EXERCISE: Output the records exactly as they appear, with no pictures included.
Top of AVAILABLE RECORDS
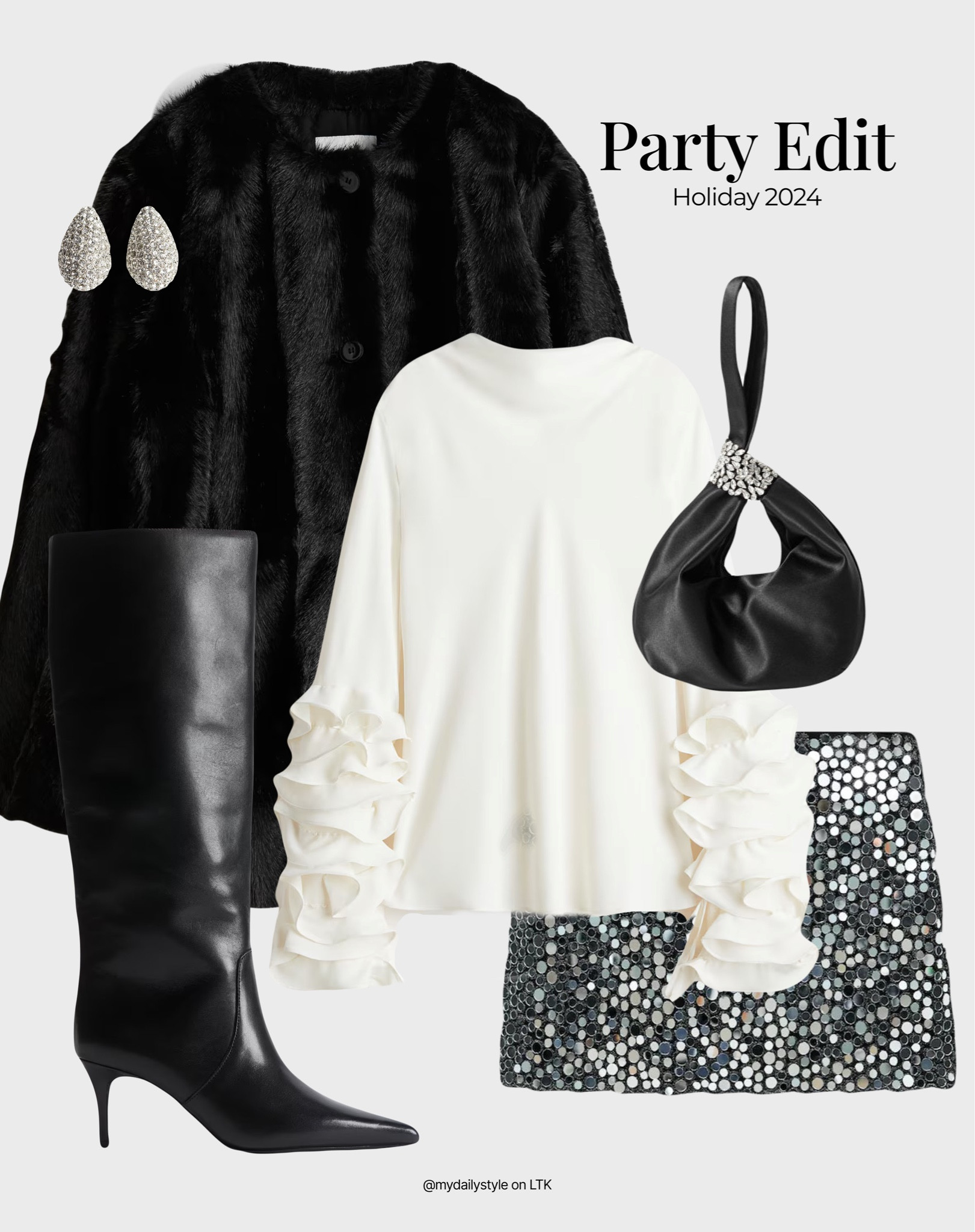 Party look perfect for Christmas 🖤

Check out more styling ideas in my profile. 

Tags: night look, holiday 2024, party dressing, parte wear, party look, sequin, holiday outfits, fall style, winter style, winter fit, pre-fall, autumn style, fall outfit, autumn outfit, fall fashion, autumn fashion, easy styling, simple everyday look, chic & basic outfit, Parisian look, casual outfit, capsule wardrobe, office look, brunch style, high street. 

#LTKpartywear #LTKstyletip #LTKshoes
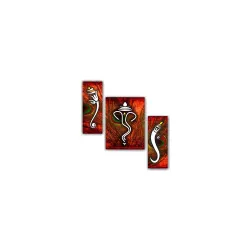 SAF paintings Ganesha Painting (Set of 3)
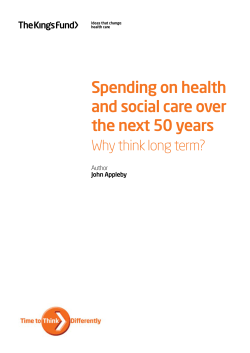 Spending on health and social care over the next 50 years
Bottom of AVAILABLE RECORDS
ANSWER SECTION:
 Party look perfect for Christmas 🖤

Check out more styling ideas in my profile. 

Tags: night look, holiday 2024, party dressing, parte wear, party look, sequin, holiday outfits, fall style, winter style, winter fit, pre-fall, autumn style, fall outfit, autumn outfit, fall fashion, autumn fashion, easy styling, simple everyday look, chic & basic outfit, Parisian look, casual outfit, capsule wardrobe, office look, brunch style, high street. 

#LTKpartywear #LTKstyletip #LTKshoes
 SAF paintings Ganesha Painting (Set of 3)
 Spending on health and social care over the next 50 years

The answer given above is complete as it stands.